RECORD SET Start Marker

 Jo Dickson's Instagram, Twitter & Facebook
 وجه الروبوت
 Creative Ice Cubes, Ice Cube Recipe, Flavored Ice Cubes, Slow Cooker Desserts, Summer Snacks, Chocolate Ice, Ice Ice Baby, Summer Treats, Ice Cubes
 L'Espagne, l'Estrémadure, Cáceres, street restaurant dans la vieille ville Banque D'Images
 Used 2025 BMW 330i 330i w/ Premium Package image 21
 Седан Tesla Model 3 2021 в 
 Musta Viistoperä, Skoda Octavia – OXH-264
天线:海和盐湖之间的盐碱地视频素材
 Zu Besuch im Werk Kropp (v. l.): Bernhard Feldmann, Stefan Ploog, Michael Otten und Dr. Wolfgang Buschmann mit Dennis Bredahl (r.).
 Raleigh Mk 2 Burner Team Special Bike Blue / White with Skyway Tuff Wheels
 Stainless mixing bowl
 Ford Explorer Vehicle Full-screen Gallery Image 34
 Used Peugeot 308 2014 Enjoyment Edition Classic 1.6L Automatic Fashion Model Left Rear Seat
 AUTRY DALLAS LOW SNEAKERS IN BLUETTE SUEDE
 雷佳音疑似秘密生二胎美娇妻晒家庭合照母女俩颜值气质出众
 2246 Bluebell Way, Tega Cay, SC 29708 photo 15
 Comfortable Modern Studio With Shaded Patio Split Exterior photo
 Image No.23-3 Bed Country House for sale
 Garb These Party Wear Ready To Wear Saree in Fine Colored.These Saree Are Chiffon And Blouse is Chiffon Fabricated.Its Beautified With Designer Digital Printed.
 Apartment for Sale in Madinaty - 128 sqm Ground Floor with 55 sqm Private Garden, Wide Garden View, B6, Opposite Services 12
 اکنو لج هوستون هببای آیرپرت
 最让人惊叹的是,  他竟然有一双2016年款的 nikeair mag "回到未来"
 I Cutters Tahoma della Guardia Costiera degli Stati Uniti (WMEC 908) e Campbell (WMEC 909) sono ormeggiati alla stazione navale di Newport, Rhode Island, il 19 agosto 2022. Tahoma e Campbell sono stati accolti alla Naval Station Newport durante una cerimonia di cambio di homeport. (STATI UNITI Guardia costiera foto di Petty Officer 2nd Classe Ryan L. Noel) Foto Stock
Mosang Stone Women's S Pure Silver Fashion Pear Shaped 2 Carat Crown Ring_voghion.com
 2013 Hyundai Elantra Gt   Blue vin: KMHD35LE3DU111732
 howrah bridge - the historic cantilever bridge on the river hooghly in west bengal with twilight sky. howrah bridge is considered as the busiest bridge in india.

RECORD SET End Marker

__EXERCISE OBJECTIVE__:
Copy out all the records exactly.

__EXERCISE RESPONSE__:
 Jo Dickson's Instagram, Twitter & Facebook
 وجه الروبوت
 Creative Ice Cubes, Ice Cube Recipe, Flavored Ice Cubes, Slow Cooker Desserts, Summer Snacks, Chocolate Ice, Ice Ice Baby, Summer Treats, Ice Cubes
 L'Espagne, l'Estrémadure, Cáceres, street restaurant dans la vieille ville Banque D'Images
 Used 2025 BMW 330i 330i w/ Premium Package image 21
 Седан Tesla Model 3 2021 в 
 Musta Viistoperä, Skoda Octavia – OXH-264
天线:海和盐湖之间的盐碱地视频素材
 Zu Besuch im Werk Kropp (v. l.): Bernhard Feldmann, Stefan Ploog, Michael Otten und Dr. Wolfgang Buschmann mit Dennis Bredahl (r.).
 Raleigh Mk 2 Burner Team Special Bike Blue / White with Skyway Tuff Wheels
 Stainless mixing bowl
 Ford Explorer Vehicle Full-screen Gallery Image 34
 Used Peugeot 308 2014 Enjoyment Edition Classic 1.6L Automatic Fashion Model Left Rear Seat
 AUTRY DALLAS LOW SNEAKERS IN BLUETTE SUEDE
 雷佳音疑似秘密生二胎美娇妻晒家庭合照母女俩颜值气质出众
 2246 Bluebell Way, Tega Cay, SC 29708 photo 15
 Comfortable Modern Studio With Shaded Patio Split Exterior photo
 Image No.23-3 Bed Country House for sale
 Garb These Party Wear Ready To Wear Saree in Fine Colored.These Saree Are Chiffon And Blouse is Chiffon Fabricated.Its Beautified With Designer Digital Printed.
 Apartment for Sale in Madinaty - 128 sqm Ground Floor with 55 sqm Private Garden, Wide Garden View, B6, Opposite Services 12
 اکنو لج هوستون هببای آیرپرت
 最让人惊叹的是,  他竟然有一双2016年款的 nikeair mag "回到未来"
 I Cutters Tahoma della Guardia Costiera degli Stati Uniti (WMEC 908) e Campbell (WMEC 909) sono ormeggiati alla stazione navale di Newport, Rhode Island, il 19 agosto 2022. Tahoma e Campbell sono stati accolti alla Naval Station Newport durante una cerimonia di cambio di homeport. (STATI UNITI Guardia costiera foto di Petty Officer 2nd Classe Ryan L. Noel) Foto Stock
Mosang Stone Women's S Pure Silver Fashion Pear Shaped 2 Carat Crown Ring_voghion.com
 2013 Hyundai Elantra Gt   Blue vin: KMHD35LE3DU111732
 howrah bridge - the historic cantilever bridge on the river hooghly in west bengal with twilight sky. howrah bridge is considered as the busiest bridge in india.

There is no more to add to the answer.